I feel like I can finally relax after having had "the talk." (This is not one of my cats. It is a cat-friend I made one afternoon while visiting Shaker Village)

I had The Talk with my boss. My palms still sweat when I think about it. I posted a while back on how scared I was about the discussion and the risk it could pose to my job.

I toyed with trying to keep everything secret while doing IVF, but after yesterday’s appointment, thought better. I believe things happening for a reason. I very much believe that the IVF clinic not being open for another few months is the universe providing an opportunity to get all my ducks in a row, not just with the PCOS diet, but with my work load.

Today at 4:45 I emailed my boss asking if she had a minute at 5 to talk.

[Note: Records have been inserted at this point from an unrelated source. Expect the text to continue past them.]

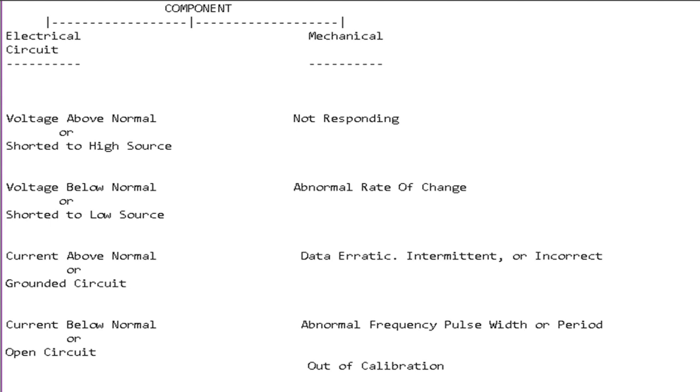On the mechanical side you might see not responding, abnormal rate of change, data erratic intermittent or incorrect, abnormal frequency pulse width or period, and out of calibration.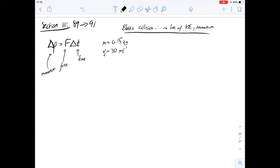Hi, I'm Carl and in this video we're going to have a look at questions 89 to 91 of the purple booklet. This is a question about a ball which rebounds with a body which is moving in the opposite direction.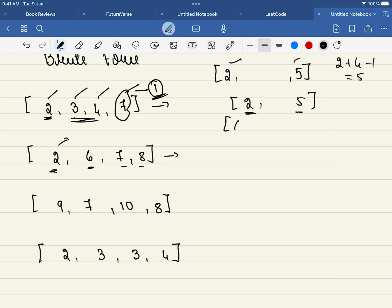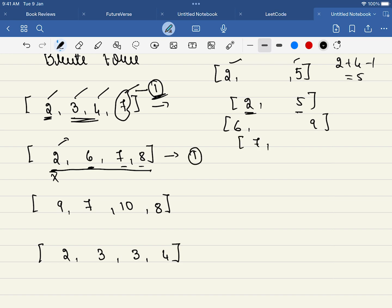Now looking at the second example with 2, 5 as range: 6, 7, 8 are not in the range, so the observation is we cannot just assume one element as the minimum — we have to go through all elements and make each one the minimum. Say 6 is the minimum; the range is 6 to 9. Going through the array: 2 is not in range, but 6, 7, 8 are, so the answer here is 1. For 7 as minimum with range 7 to 10, the answer would be 2. Since 1 is the minimum result, that is our answer.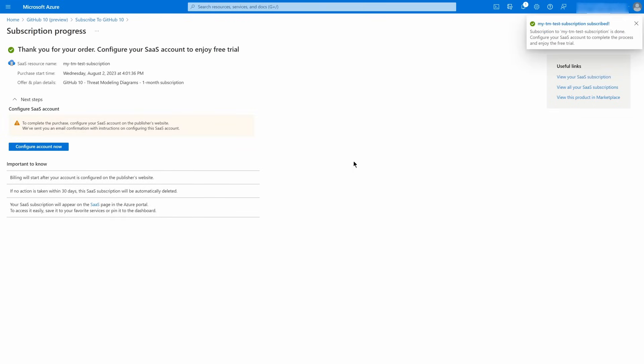Once your subscription is created, you have to confirm it. This informs Aribot about the offer subscribed.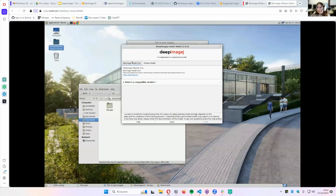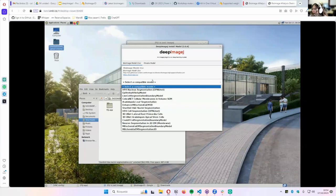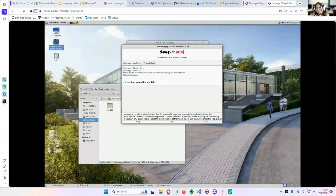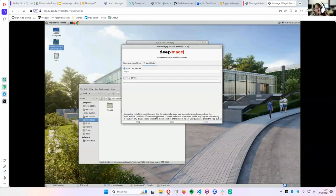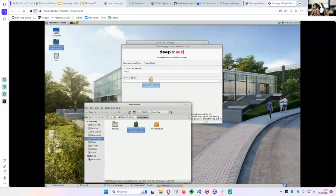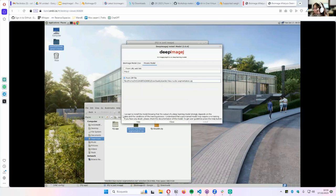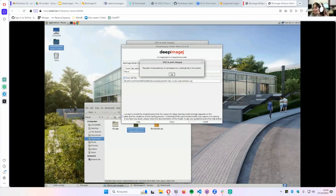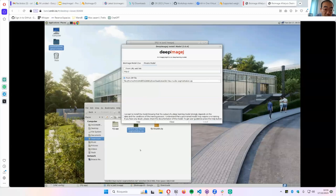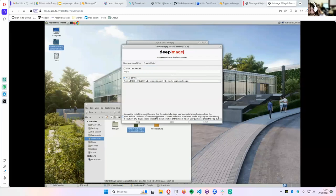You can drag and drop the zip file into the install model dialog. We accept the conditions and install. On BAND systems, if the path starts with 'file:///home', you may need to remove that prefix and start with '/nfs/home' because the home directory is an NFS mount. If there's an ampersand in the filename, it won't let you read the path — rename the file to remove it. Once models are installed, you can have multiple models and choose among them in DeepImageJ Run.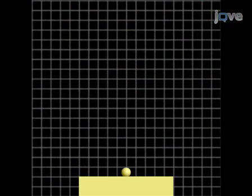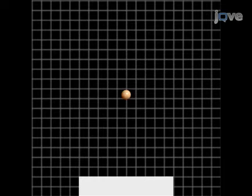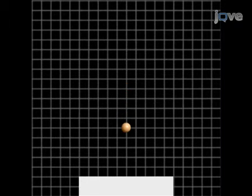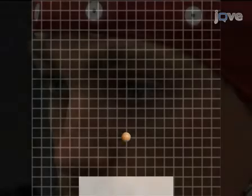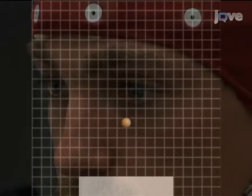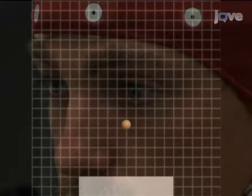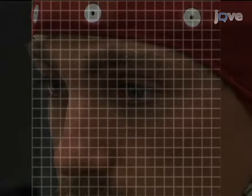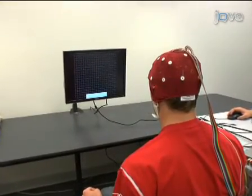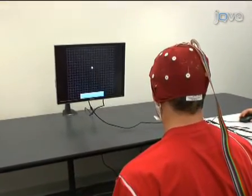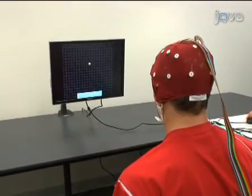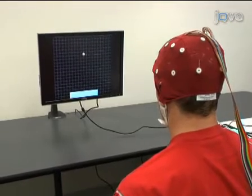If the subject hits the target, it changes colour. After five seconds without a hit, the session times out and is counted as a miss. After the trial, there is a two-second intertrial interval during which the subject can relax, blink, swallow or otherwise readjust positions.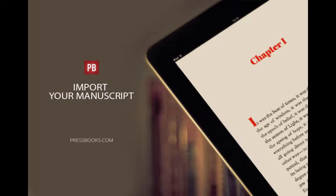I'm Elizabeth Mays, Marketing Manager for Pressbooks, and I'm going to show you the easiest way to import your manuscript into Pressbooks.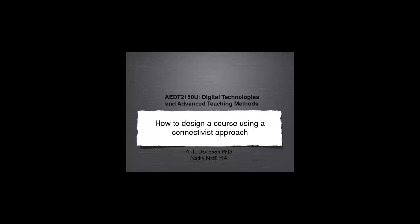This is AEDT2150U Digital Technologies and Advanced Teaching Methods. The title for this particular video clip is How to Design a Course Using a Connectivist Approach.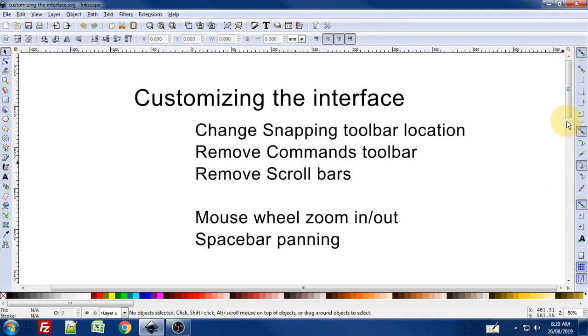I don't use the scroll bars or the commands toolbar simply because I perform most of those actions with keyboard shortcuts or mouse clicks.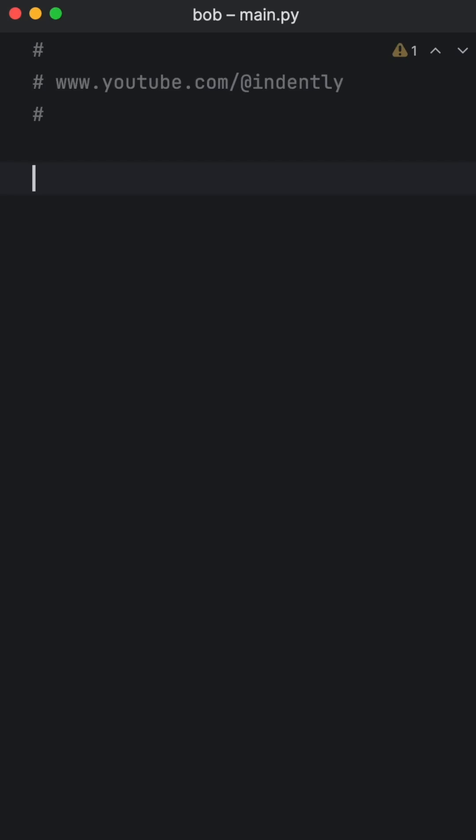So there's one feature that really used to make me cry in Python. And this has to do with copying data.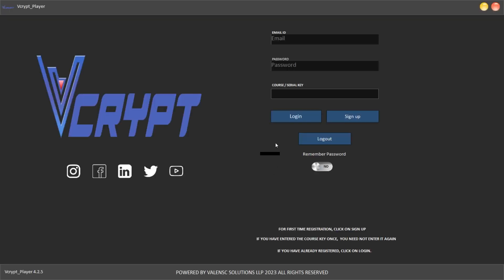Now you can log in using the same credentials which you have used at the time of registration. Thank you.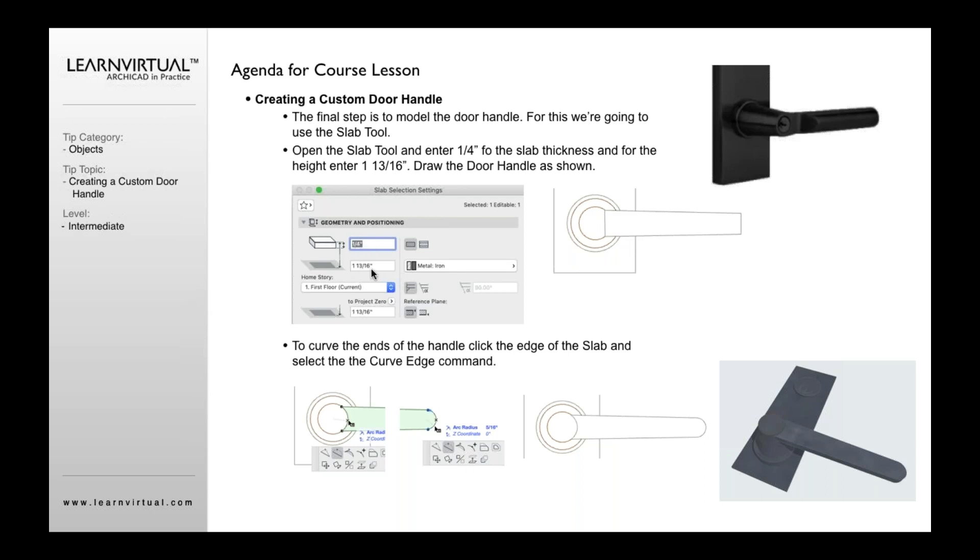I want it to be maybe one and 13 sixteenths of an inch or whatever you want that to be from this part of the handle down to the panel. And so all this set, draw your slab here for the handle, maybe a little thicker on the side, sloping it a little shorter on that side.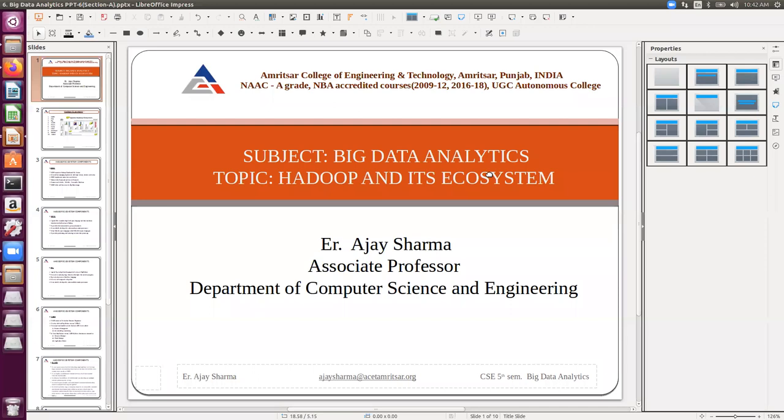That covers the Hadoop ecosystem components for today. We will meet again in the next class and discuss the installation of Ubuntu and Hadoop.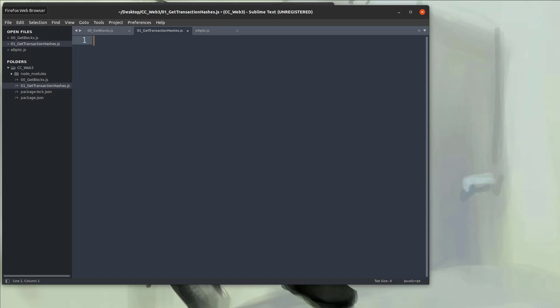Hello and welcome to Console Cowboys. So in the last video, we took a look at the blocks and how to grab those. Now let's take a look at the transaction hashes of the pending transactions.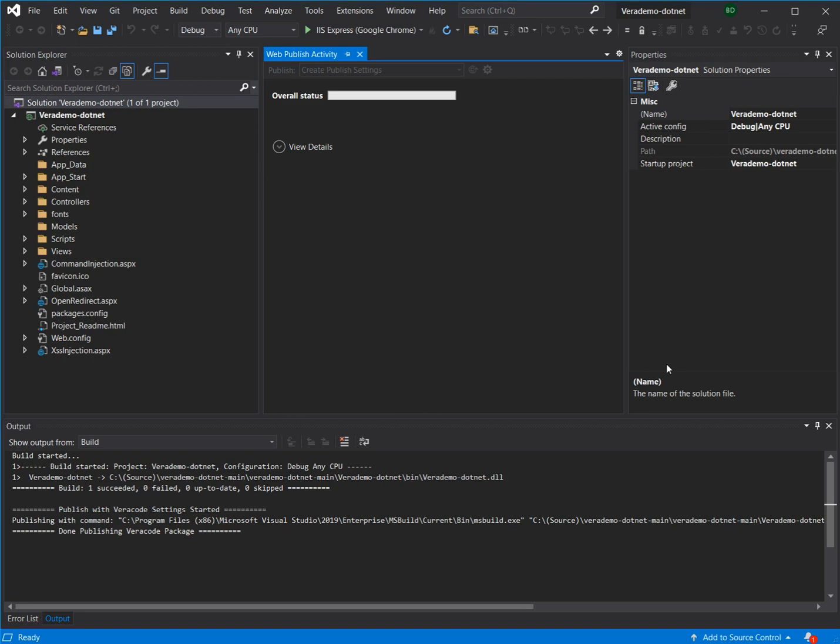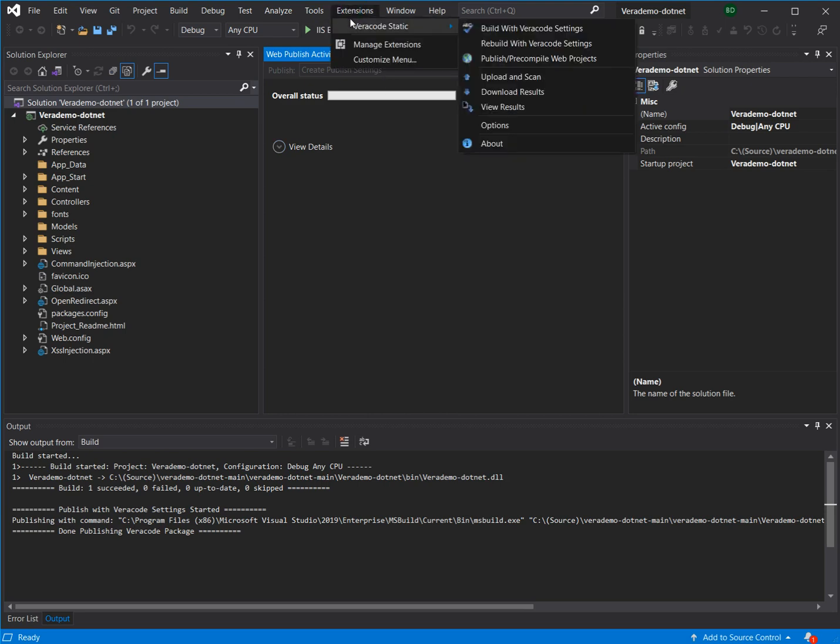We're going to begin the demonstration in Visual Studio 2019. We have already installed the Veracode static extension for compiling and building the application for Veracode, which also allows us the ability to upload and scan the application.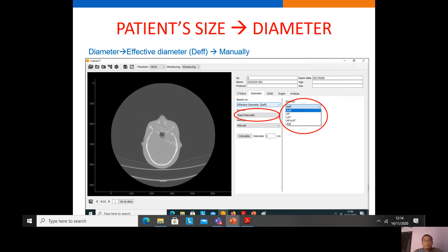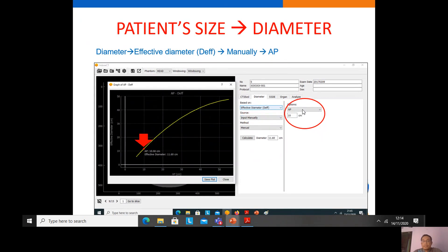For example, if we have the AP diameter of 10 centimeters, we write 10 centimeters and then calculate. We get the effective diameter of the patient — 11.6 centimeters — and we also have a curve of the effective diameter versus the AP diameter.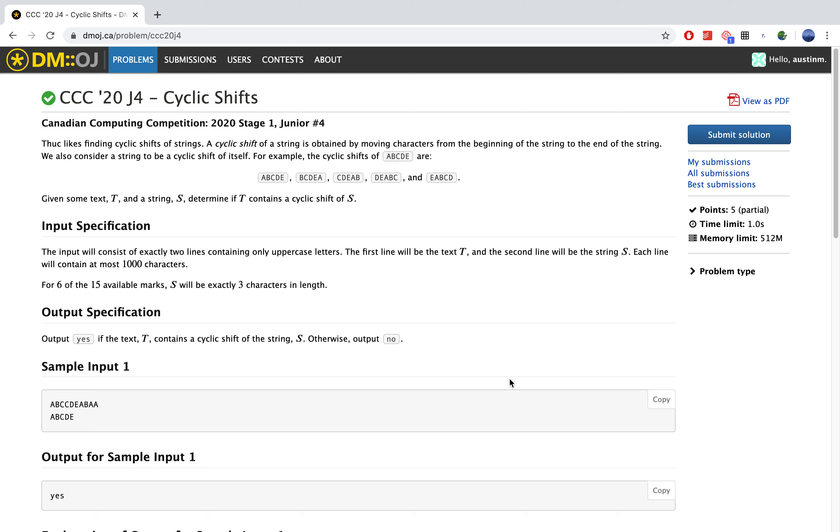Hello everyone, Austin from Coding Pals here, and today we will be taking a look at the CCC 2020 Junior Problem 4, Cyclic Shifts.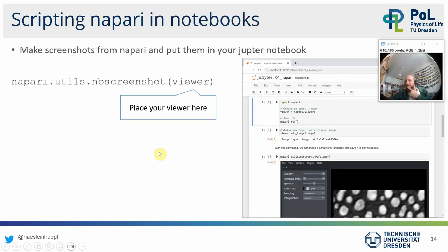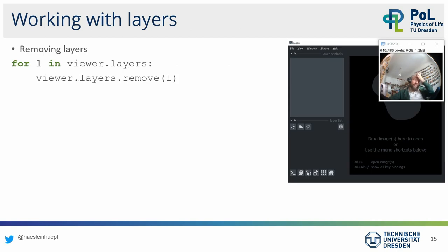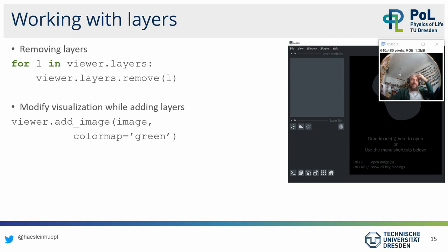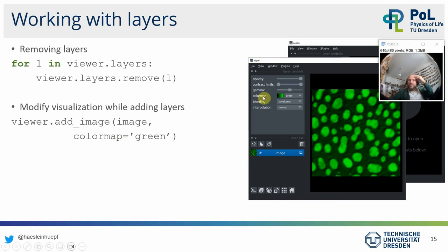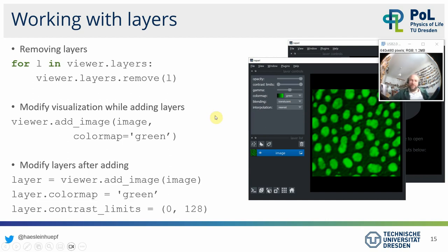When working with Jupyter notebooks, you can take a screenshot using a specific command, which is useful for documenting what a user annotated before additional processing steps. You can remove layers with a for loop. You can also pass parameters like `colormap='green'` to `viewer.add_image()`, which will choose that particular lookup table. If you collect the result of add_image in a variable, that layer object has properties like `colormap` and `contrast_limits` that you can change afterwards.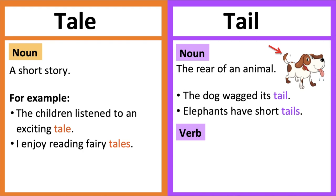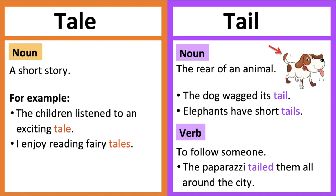As a verb, it means to follow someone. This can be in secret. This is an informal word. For example, the paparazzi tailed them all around the city.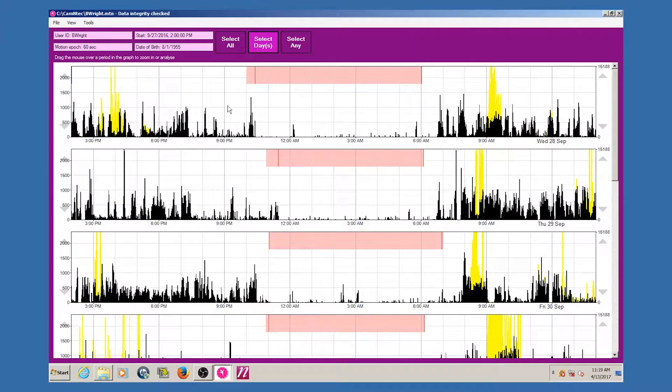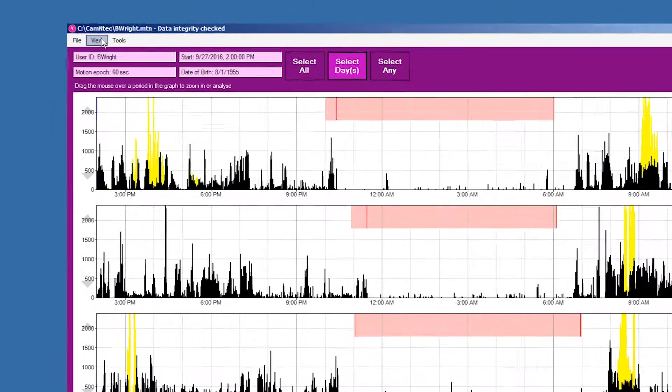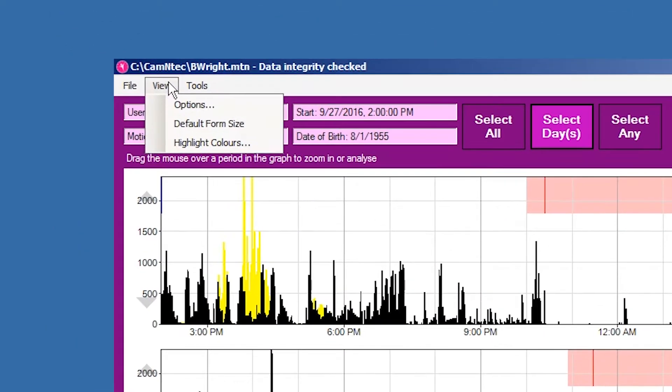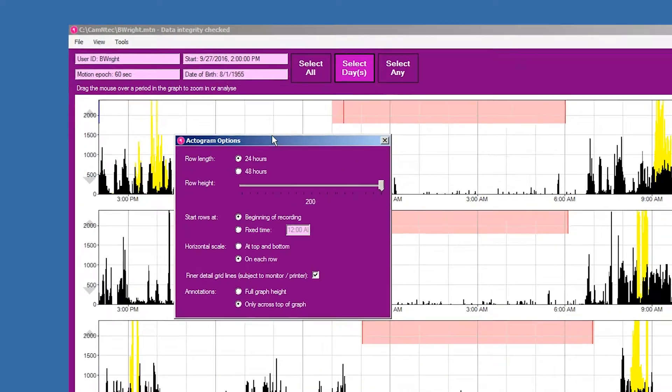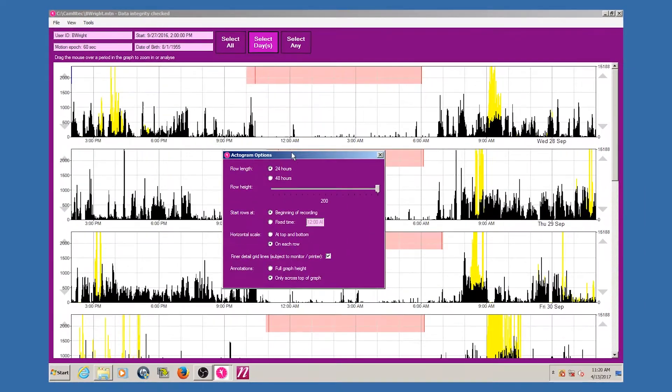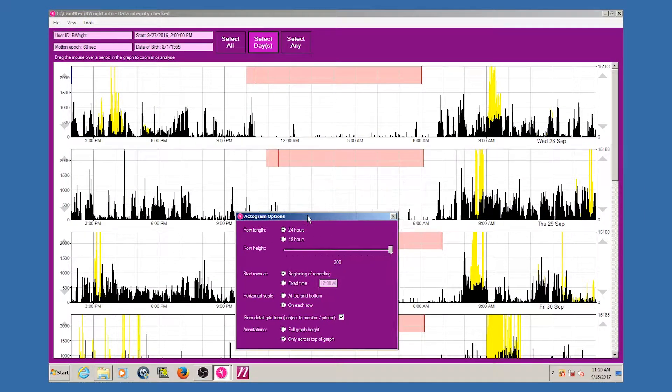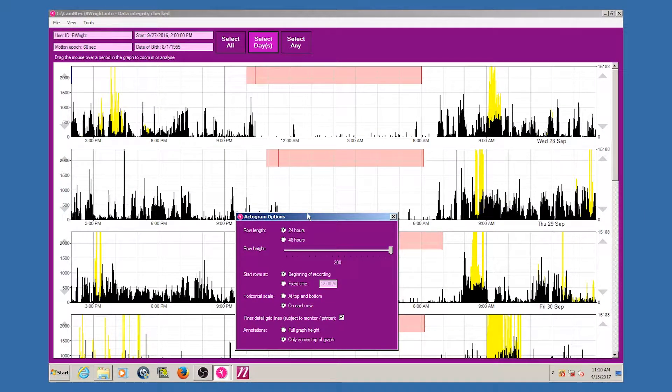The actogram view can be adjusted for different purposes. This is found under the options item in the view drop-down menu. The actogram will adjust to give you immediate feedback after you have changed any of the options.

Much to my dismay she said yes and so I went in, armed with a binder clip to fidget with (I’m extremely fidgety when nervous and if I don’t have a fidgety thing in my hand I will start to fidget with my hair, my glasses, or, worse, my shirt).

I explained to my boss the situation with the eyes and the urgency behind reproducing. I explained to her that I have PCOS and cannot have a baby on my own. I explained that IVF is mostly likely my only hope. I explained that we will be doing several medicated rounds before then just to see if we get lucky. And I explained my desire to work through it all and my determination to stay on-top of my assignments.

Much to my amazement, she supported me fully. She even said that there is extra grant money right now so if I feel we need to bring a temporary person on-board while I’m going through IVF, to let her know.

I was floored. I expected to work extra hours, not to have the option to hire extra help. I’m still in shock, I think. and my armpits are still sweaty.

The entire discussion was surprisingly painless and left me feeling in control of this situation. The last nine months have been a rollercoaster of secret keeping, of stress and of tears. Maybe by being a little more open, I will be able to manage the next cycles with a little more grace and a little less anger.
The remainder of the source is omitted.